• WHAT IS BEING ASKED
Please restate the material below word for word, from the first line through the one that contains "Kamer in Japanse", inclusive.

• DATA PROVIDED

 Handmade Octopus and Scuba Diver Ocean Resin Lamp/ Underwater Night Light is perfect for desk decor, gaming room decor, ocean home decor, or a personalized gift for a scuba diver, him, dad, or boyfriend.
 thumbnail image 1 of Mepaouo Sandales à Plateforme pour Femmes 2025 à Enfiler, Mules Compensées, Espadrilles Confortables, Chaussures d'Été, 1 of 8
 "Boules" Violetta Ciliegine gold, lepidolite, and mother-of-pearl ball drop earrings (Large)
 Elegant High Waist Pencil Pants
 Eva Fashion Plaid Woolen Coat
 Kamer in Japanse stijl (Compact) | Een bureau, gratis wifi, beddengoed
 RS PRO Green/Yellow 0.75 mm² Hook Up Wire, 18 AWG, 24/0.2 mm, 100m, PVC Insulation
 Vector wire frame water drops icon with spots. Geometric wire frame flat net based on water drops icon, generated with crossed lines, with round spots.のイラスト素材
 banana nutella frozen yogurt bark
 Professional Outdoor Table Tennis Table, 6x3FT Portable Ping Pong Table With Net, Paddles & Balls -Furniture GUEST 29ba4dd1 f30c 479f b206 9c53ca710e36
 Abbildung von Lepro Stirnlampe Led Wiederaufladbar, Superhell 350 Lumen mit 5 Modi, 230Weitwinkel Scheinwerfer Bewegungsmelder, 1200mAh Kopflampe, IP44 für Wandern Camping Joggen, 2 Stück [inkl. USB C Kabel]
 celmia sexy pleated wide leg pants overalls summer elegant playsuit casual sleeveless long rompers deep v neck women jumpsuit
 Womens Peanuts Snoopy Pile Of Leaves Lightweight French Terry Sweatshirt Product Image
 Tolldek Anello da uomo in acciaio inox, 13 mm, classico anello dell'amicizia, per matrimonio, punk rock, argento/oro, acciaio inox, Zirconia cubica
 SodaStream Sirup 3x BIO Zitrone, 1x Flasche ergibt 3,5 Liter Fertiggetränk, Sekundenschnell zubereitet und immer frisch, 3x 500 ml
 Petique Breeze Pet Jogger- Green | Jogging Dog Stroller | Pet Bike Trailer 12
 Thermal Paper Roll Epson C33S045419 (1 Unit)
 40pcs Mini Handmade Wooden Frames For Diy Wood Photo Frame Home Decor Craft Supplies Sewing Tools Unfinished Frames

• THE COMPLETED TASK
 Handmade Octopus and Scuba Diver Ocean Resin Lamp/ Underwater Night Light is perfect for desk decor, gaming room decor, ocean home decor, or a personalized gift for a scuba diver, him, dad, or boyfriend.
 thumbnail image 1 of Mepaouo Sandales à Plateforme pour Femmes 2025 à Enfiler, Mules Compensées, Espadrilles Confortables, Chaussures d'Été, 1 of 8
 "Boules" Violetta Ciliegine gold, lepidolite, and mother-of-pearl ball drop earrings (Large)
 Elegant High Waist Pencil Pants
 Eva Fashion Plaid Woolen Coat
 Kamer in Japanse stijl (Compact) | Een bureau, gratis wifi, beddengoed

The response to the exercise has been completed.